Exercise details: Pull out every line below that contains the word "Casual".

Items listed in a dataset

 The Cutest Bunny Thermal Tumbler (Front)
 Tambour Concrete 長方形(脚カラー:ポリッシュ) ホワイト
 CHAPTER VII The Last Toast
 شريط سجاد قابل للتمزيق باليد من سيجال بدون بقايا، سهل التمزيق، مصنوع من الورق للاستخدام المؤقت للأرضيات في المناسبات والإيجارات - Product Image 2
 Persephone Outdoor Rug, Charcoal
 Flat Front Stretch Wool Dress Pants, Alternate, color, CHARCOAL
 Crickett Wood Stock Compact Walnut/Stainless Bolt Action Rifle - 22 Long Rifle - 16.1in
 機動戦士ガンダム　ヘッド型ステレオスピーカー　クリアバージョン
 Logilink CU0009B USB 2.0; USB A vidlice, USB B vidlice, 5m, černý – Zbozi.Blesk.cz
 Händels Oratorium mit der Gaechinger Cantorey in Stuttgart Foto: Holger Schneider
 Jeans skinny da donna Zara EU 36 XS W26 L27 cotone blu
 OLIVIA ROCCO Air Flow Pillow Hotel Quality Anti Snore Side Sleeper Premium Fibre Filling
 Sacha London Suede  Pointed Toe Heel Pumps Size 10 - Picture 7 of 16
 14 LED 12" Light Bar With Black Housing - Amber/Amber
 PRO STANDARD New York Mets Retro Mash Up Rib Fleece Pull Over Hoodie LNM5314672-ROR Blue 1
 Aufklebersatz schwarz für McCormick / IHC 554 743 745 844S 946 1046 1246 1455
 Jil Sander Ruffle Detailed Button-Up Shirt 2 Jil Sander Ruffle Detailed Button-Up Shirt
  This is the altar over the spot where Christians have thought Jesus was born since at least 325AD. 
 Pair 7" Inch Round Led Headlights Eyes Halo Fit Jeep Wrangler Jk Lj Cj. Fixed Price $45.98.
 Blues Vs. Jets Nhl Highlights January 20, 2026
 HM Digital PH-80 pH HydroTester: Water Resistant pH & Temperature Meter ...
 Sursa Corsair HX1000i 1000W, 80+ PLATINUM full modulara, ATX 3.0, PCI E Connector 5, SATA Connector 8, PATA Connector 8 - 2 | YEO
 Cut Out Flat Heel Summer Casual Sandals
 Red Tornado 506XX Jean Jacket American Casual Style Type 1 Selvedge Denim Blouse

Written response:
 Cut Out Flat Heel Summer Casual Sandals
 Red Tornado 506XX Jean Jacket American Casual Style Type 1 Selvedge Denim Blouse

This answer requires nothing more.